→ Data records
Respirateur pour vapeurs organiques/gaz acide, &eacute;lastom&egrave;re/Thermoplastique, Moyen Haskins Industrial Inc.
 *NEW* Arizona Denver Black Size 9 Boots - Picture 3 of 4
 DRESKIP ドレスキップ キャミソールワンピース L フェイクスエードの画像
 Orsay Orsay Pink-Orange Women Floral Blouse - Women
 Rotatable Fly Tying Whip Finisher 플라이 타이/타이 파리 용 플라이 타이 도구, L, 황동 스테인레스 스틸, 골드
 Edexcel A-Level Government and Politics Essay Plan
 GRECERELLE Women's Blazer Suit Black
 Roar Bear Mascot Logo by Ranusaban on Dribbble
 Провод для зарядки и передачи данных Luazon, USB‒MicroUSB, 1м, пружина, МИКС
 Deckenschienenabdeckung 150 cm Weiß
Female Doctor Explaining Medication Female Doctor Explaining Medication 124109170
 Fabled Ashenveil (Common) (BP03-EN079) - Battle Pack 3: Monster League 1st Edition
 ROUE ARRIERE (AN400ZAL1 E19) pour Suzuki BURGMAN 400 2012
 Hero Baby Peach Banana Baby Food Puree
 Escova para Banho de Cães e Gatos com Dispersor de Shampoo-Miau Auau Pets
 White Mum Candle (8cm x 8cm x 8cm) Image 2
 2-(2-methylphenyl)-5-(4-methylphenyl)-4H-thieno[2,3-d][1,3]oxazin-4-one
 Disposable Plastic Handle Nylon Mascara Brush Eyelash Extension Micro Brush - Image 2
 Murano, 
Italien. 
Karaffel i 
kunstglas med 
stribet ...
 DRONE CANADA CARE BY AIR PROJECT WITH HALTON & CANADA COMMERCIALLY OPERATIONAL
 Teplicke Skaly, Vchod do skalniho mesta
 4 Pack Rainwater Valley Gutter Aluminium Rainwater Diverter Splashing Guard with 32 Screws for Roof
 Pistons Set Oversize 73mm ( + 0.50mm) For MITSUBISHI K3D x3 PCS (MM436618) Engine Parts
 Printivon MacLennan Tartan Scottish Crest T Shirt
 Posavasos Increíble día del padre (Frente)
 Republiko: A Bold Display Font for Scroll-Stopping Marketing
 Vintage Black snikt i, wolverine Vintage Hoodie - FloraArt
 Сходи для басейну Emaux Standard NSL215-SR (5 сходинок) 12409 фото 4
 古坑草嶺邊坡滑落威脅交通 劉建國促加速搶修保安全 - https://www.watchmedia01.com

→ Required action
Write out the lines above exactly, but only from the one containing "Teplicke Skaly, Vchod do skalniho mesta" through the last one.

→ Expected output
 Teplicke Skaly, Vchod do skalniho mesta
 4 Pack Rainwater Valley Gutter Aluminium Rainwater Diverter Splashing Guard with 32 Screws for Roof
 Pistons Set Oversize 73mm ( + 0.50mm) For MITSUBISHI K3D x3 PCS (MM436618) Engine Parts
 Printivon MacLennan Tartan Scottish Crest T Shirt
 Posavasos Increíble día del padre (Frente)
 Republiko: A Bold Display Font for Scroll-Stopping Marketing
 Vintage Black snikt i, wolverine Vintage Hoodie - FloraArt
 Сходи для басейну Emaux Standard NSL215-SR (5 сходинок) 12409 фото 4
 古坑草嶺邊坡滑落威脅交通 劉建國促加速搶修保安全 - https://www.watchmedia01.com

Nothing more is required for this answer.